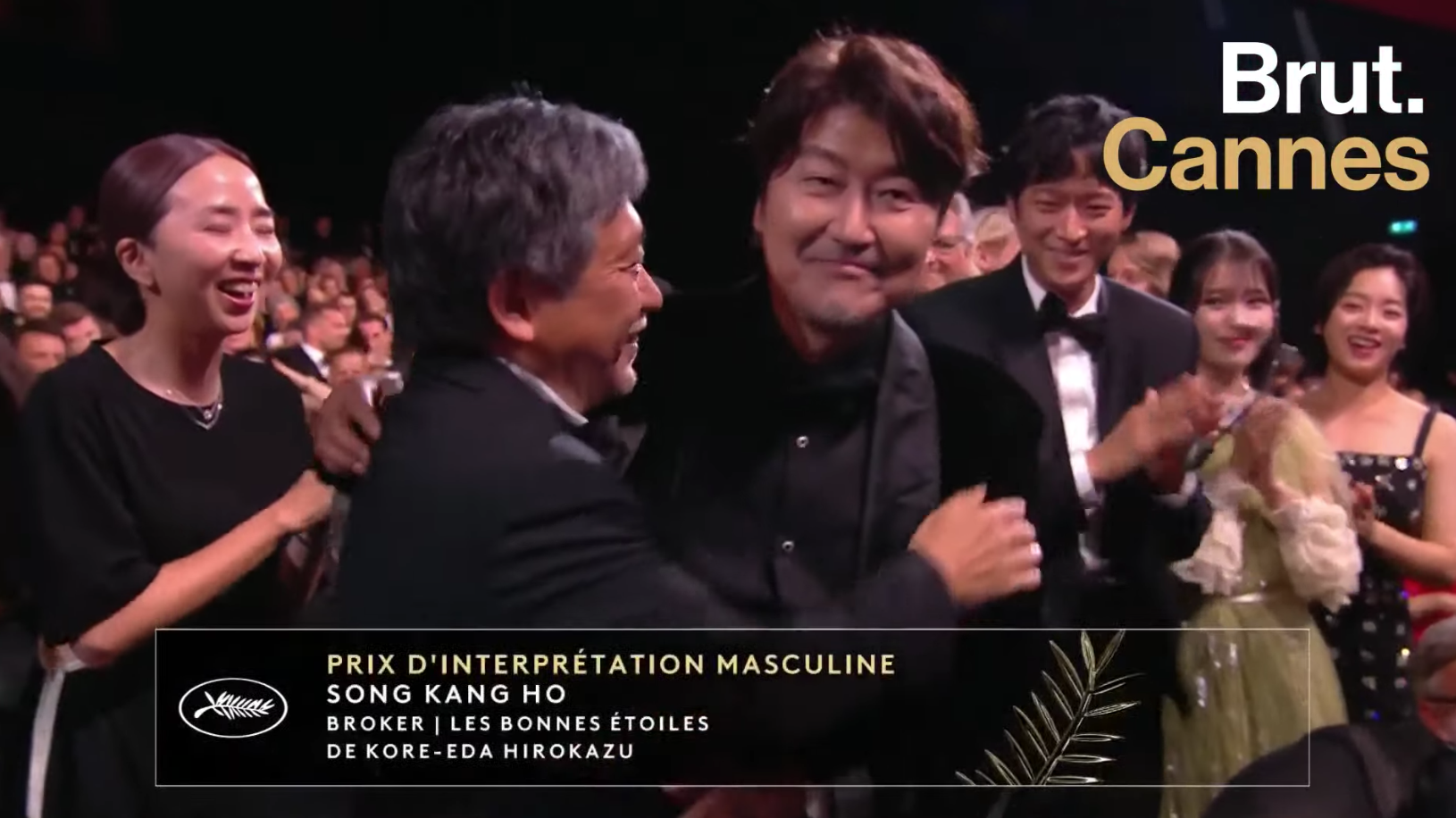 宋康昊與導演是枝裕和激動擁抱,姜棟元、IU和李周映都為他開心。(截圖自Brut. Cannes YT)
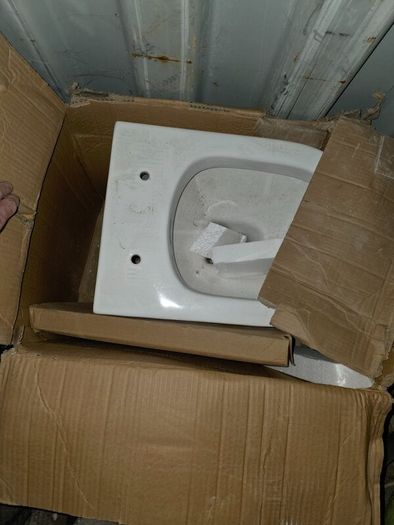 Sanitary wear ,,Bathroom furniture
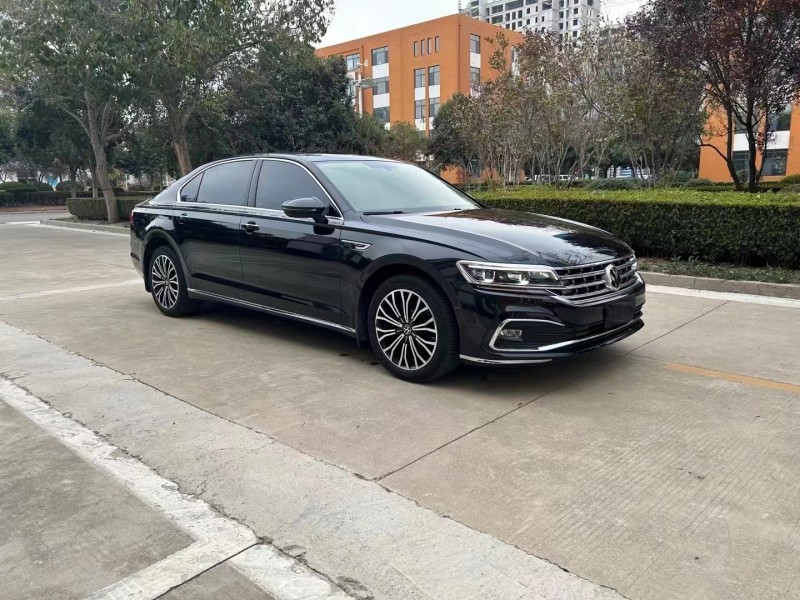 济宁22年大众辉昂3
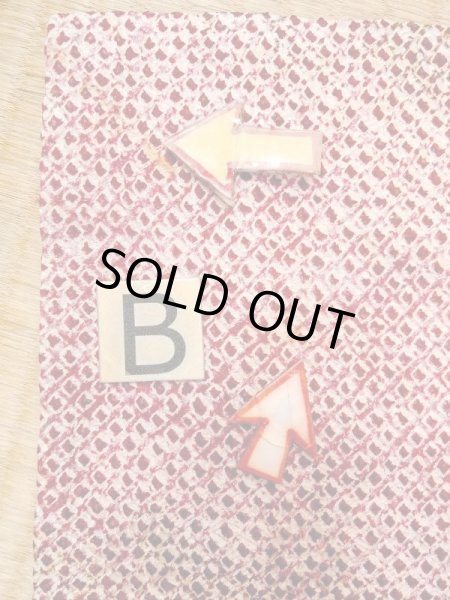 Photo15: N0305N Vintage Japanese women   Red HAORI short jacket / Silk. Leaf,   (Grade C) (15)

### TASK OBJECTIVE
Give the data again exactly as it stands, apart from the pictures.

### REPLY
 宋康昊與導演是枝裕和激動擁抱,姜棟元、IU和李周映都為他開心。(截圖自Brut. Cannes YT)
 Sanitary wear ,,Bathroom furniture
 济宁22年大众辉昂3
 Photo15: N0305N Vintage Japanese women   Red HAORI short jacket / Silk. Leaf,   (Grade C) (15)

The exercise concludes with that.